# Meta's Non-Invasive Brain-to-Text Decoder Reaches 61 Percent Word Accuracy

Brain2Qwerty v2 reconstructs typed sentences from magnetoencephalography scans, up from roughly 8 percent for prior non-invasive methods, with code and dataset released.

- Published: 2026-07-08T05:30:03.109Z
- Canonical: https://polylog.news/ai/2026-07-08/meta-s-non-invasive-brain-to-text-decoder-reaches-61-percent
- Publisher: Polylog (AI desk)
- Section: tech
- Sources: [Meta AI](https://ai.meta.com/blog/brain2qwerty-brain-ai-human-communication/), [Nature Neuroscience](https://www.nature.com/articles/s41593-026-02303-2), [MarkTechPost](https://www.marktechpost.com/2026/06/30/meta-ai-releases-brain2qwerty-v2-a-non-invasive-meg-brain-to-text-pipeline-decoding-typed-sentences-at-61-word-accuracy/)

Meta's Fundamental AI Research (FAIR) lab published [Brain2Qwerty](https://ai.meta.com/blog/brain2qwerty-brain-ai-human-communication/), a pipeline that decodes typed sentences from magnetoencephalography (MEG) recordings, with the v2 system reaching an average 61 percent word accuracy and 78 percent for its best participant. The underlying method appears in [Nature Neuroscience](https://www.nature.com/articles/s41593-026-02303-2), and per [MarkTechPost](https://www.marktechpost.com/2026/06/30/meta-ai-releases-brain2qwerty-v2-a-non-invasive-meg-brain-to-text-pipeline-decoding-typed-sentences-at-61-word-accuracy/) the training code and dataset are public.

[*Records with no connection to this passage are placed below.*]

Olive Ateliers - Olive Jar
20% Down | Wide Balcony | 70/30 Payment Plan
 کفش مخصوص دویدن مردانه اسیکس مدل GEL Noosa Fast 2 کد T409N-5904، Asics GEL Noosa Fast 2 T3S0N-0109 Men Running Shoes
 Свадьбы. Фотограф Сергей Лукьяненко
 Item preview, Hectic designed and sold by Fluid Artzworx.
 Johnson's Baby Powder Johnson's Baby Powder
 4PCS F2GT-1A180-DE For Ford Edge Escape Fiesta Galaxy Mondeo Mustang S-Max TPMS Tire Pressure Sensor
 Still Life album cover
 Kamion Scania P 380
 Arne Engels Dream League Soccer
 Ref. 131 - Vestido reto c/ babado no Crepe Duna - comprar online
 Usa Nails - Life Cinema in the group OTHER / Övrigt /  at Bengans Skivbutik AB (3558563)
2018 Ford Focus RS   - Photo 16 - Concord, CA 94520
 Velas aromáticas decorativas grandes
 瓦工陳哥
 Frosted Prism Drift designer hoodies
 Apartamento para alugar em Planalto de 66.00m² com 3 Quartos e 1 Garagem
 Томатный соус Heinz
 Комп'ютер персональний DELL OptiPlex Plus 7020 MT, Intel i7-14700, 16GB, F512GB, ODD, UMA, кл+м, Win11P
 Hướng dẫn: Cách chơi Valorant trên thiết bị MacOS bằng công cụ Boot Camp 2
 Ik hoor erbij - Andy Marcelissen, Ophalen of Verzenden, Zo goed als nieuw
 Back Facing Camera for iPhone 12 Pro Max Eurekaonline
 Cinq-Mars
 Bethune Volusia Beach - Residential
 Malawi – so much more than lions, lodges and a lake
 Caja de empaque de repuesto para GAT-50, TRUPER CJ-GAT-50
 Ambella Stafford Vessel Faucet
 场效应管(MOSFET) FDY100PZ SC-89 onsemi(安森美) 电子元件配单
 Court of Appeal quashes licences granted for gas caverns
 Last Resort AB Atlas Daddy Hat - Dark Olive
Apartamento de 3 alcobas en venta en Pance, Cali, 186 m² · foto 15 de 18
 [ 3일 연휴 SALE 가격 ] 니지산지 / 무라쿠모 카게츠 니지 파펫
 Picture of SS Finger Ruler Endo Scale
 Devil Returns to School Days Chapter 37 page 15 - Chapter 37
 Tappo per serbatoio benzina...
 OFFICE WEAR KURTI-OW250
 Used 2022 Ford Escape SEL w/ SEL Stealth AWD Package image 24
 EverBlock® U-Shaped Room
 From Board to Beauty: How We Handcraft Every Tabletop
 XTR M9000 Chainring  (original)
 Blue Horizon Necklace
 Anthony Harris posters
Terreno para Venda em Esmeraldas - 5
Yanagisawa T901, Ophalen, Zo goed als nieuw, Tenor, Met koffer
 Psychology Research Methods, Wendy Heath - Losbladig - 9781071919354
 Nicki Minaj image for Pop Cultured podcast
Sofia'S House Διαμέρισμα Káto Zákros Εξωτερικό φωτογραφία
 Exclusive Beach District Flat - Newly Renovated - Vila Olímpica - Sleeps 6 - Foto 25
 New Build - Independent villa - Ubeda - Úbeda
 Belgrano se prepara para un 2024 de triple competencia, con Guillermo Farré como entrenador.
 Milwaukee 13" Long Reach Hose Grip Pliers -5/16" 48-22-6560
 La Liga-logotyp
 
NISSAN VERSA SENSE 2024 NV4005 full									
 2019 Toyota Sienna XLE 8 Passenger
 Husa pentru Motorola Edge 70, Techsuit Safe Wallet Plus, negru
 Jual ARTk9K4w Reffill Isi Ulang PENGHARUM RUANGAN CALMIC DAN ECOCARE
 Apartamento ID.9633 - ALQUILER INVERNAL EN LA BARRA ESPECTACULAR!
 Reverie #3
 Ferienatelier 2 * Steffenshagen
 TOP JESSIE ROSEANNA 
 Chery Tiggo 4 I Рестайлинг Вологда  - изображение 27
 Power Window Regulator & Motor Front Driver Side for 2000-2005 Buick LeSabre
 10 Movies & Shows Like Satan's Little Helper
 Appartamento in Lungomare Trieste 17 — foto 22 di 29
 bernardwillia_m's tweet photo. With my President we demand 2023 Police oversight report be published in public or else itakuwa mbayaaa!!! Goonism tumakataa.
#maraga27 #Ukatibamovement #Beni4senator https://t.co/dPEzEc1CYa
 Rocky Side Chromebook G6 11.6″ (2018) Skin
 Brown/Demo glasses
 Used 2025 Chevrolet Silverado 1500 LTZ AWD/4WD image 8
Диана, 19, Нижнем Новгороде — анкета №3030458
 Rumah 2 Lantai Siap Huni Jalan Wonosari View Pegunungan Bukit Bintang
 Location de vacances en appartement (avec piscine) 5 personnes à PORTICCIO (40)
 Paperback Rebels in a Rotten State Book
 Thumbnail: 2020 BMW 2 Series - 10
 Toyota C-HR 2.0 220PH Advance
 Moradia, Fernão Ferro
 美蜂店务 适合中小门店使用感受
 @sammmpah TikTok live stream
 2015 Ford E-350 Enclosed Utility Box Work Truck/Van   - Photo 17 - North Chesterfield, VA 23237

The technical claim is a large increase for surgery-free decoding. Prior non-invasive approaches were near 8 percent word accuracy, far below the electrode implants used in clinical brain-computer interface (BCI) work. Meta trained on roughly 22,000 sentences from nine volunteers, each wearing an MEG helmet for about ten hours, and replaced hand-tuned signal-processing stages with an end-to-end deep network coupled to a language-model prior that corrects likely character sequences.

The caveats are physical, not statistical. MEG requires a magnetically shielded room and a helmet-scale sensor array, so this is a laboratory result, not a wearable device. The system also decodes typing, which produces motor signals, rather than imagined speech. What is verified is a reproducible accuracy gain on a public dataset. What is not yet shown is whether the approach transfers to portable sensors or to users who cannot move.

## What this means

The mechanism is the closing gap between non-invasive and implanted decoding, which matters to the assistive-technology and neurotech sector and to invasive-BCI companies whose advantage is fidelity. If MEG-based accuracy keeps rising and a reproducible dataset lowers the research barrier, the case for surgery narrows for some uses. The binding constraint is hardware. MEG is room-scale, so the near-term exposure is to research labs, not to consumers, until the language-model-prior approach is demonstrated on cheaper sensors such as electroencephalography (EEG).

## What to watch

- Whether the same decoding stack transfers to portable EEG at usable accuracy, which would move this from lab demonstration toward assistive deployment.
- Independent replication of the 61 percent figure on the released dataset by a group outside Meta, the standard test for a headline neuroscience result.